Living in present-day Syria and Iraq between 18th century and 6th century BC, the ancient Babylonians were quite advanced when it came to astronomy, using simple arithmetic to estimate the position of different celestial bodies, including the sun, the moon and the various planets. According to a new research, however, they were also responsible for making great strides in mathematics, particularly geometry and calculus. They employed sophisticated geometrical techniques to predict the movements of Jupiter, some 1,400 years before such methods were invented in medieval Europe.
As the researchers point out, the techniques used by the ancient Babylonians eventually paved the way for the development of calculus, a branch of mathematics that deals with change measured over time. The study, recently published in the Science journal, was conducted by an international team of researchers. Although the knowledge of algebra and geometry were easily available during ancient times, both in Babylonia and ancient Greece, the current evidence indicates, possibly for the first time, that the Babylonian astronomers knew how to use geometry to track the movements of planets. Speaking about the find, Mathieu Ossendrijer, a professor at Berlin’s Humboldt University and the study’s author, said:
What is new is that the Babylonians also used geometry in their astronomy. We have evidence that they used geometrical figures to gauge the motion of planets but the really exciting thing is that the kind of geometry they used is very special. What we have found essentially is almost like a modern-day graph – a geometrical figure that represents an abstract mathematical space. That’s really new and exciting as it was thought to have been first invented much later, around 1350.
For the research, the team studied clay tablets, dating back to period between 350 BC and 50 BC. Currently kept in London’s British Museum, the tablets contain Babylonian cuneiform text, likely etched by scholars and priests living during that time. Analysis of the text has revealed that these ancient astronomers were computing the irregular motions of Jupiter over the course of 60 days, starting from a day when the planet first appeared above the horizon. For the Babylonians, the colossal planet represented their chief god, Marduk or the patron deity of the city of Babylon. Ossendrijer added:
The tablets were written by priests in the temple. They computed the position of all five planets that they knew about, but Jupiter had the largest number of texts devoted to it… It’s like a precursor if you like of what we know today as integral calculus, which allows us to calculate the movements of decelerating or accelerating objects. It’s a concept that was invented twice; once in ancient Babylonia and then re-invented around 1350 in medieval Europe. The ancient Greeks never did this.

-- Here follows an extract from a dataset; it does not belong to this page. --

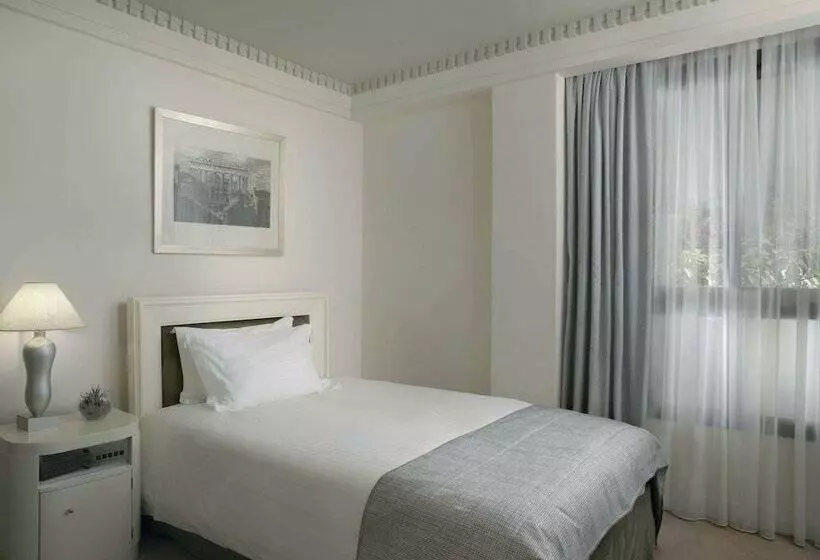 اتاق کلاسیک یک تخته, Njv Athens Plaza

When observed in the night sky, Jupiter’s movements appear to be quite slow, which in turn refers to the relative motion of its orbit with respect to that of Earth’s. Thus, a graph showing Jupiter’s relative velocity against time would form a trapezoid, with downward sloping sides. The trapezoid’s area would therefore provide the total distance covered by the planet during the 60-day period. According to the team, several of the tablets had trapezoidal figures carved on them, with the Babylonian scholars referring to the shape as the “oxen head”. Hermann Hunger, a professor at the University of Vienna and a member on the research team, said:
These findings do not so much show a higher degree of sophistication in geometric thinking, but rather a remarkable ability to apply traditional Babylonian geometric thinking to a new problem.